フィリピン・マニラ(2026年6月18日)— アジア・太平洋地域の各国政府が急速な技術革新への対応を急ぐ中、アジア開発銀行(ADB)は、新たなデジタル戦略を通じて、人工知能(AI)やデジタル技術の活用を促進するとともに、リスクにさらされる人々の保護を図る取り組みを進めている。
神田眞人ADB総裁は、「アジア・太平洋地域に技術の波が押し寄せている」とした上で、「我々は、さらなる繁栄を実現すべくその波に乗ることも出来るし、逆にその波に飲み込まれてしまうこともあり得る。ADBは、地域のデジタルインフラ、連結性、アクセスの拡大を目的とする200億ドル規模の『アジア太平洋デジタル・ハイウェイ』を通じた取り組みを含め、こうした歴史的変化を、最も支援を必要とする人々の利益につなげるべく活用している」と述べた。
ADBの新たなデジタル変革戦略は、2026年から2030年にかけての当行のこうした取組の指針となる。「開発のためのデジタル変革:包摂性・安全性・イノベーションの推進」と題する本戦略の下、ADBは、各国がデジタル面での連結性の拡大、人材育成、サイバーセキュリティおよびプライバシー保護の強化、データ・ガバナンスの改善、さらにAIの責任ある活用を推進できるよう支援していく。
新たな戦略の下での支援には、より強靭なデジタルインフラの整備、より安全で相互運用可能なシステムの構築、そしてデジタル技術の恩恵を十分に受けていないコミュニティへの便益を図るための施策が含まれる。

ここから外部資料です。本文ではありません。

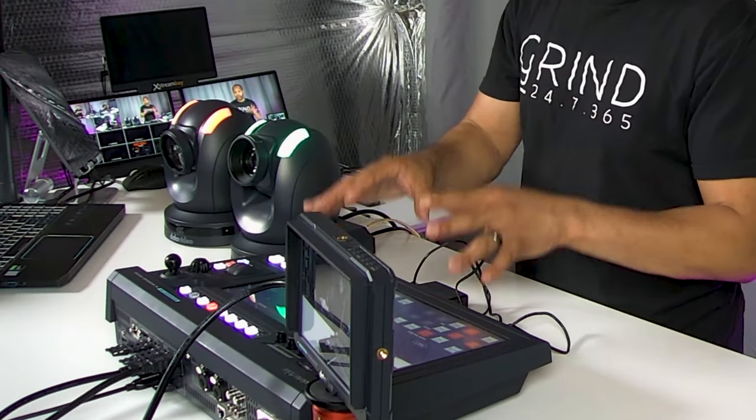The last connection I want to mention is the RS422 connection. This is allowing us to connect the camera directly to the switcher and control the pan, tilt, and zoom movements. And I think that is the most powerful part of this whole setup.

ADBは、デジタル面での態勢や対応力における課題を特定するため各国と連携し、それぞれのニーズに即した投資や改革を推進する。
ADBはまた、政府、企業、開発パートナーを結集し、資金動員の促進、専門知識の共有、実践的なデジタル・ソリューションへのアクセス拡大に取り組む。本戦略は、アジア・太平洋地域における、経済的競争力、公共サービス、雇用創出、強靭性、そして社会的包摂の各分野でのデジタル技術やAIの役割の一層高まりに対応するものである。
ADBは、アジア・太平洋地域の持続可能でインクルーシブかつ強靭な成長の促進に向けて取り組む主要な国際開発金融機関である。ADBは、加盟国・地域やパートナーと緊密に連携し、複雑な課題に対応するために革新的な金融手段を駆使し、戦略的パートナーシップを通じて地域の人々の生活向上や質の高いインフラ整備を進めるとともに、地球環境の保護にも貢献している。ADBは1966年に創立され、50の域内加盟国・地域を含め69の加盟国・地域によって構成されている。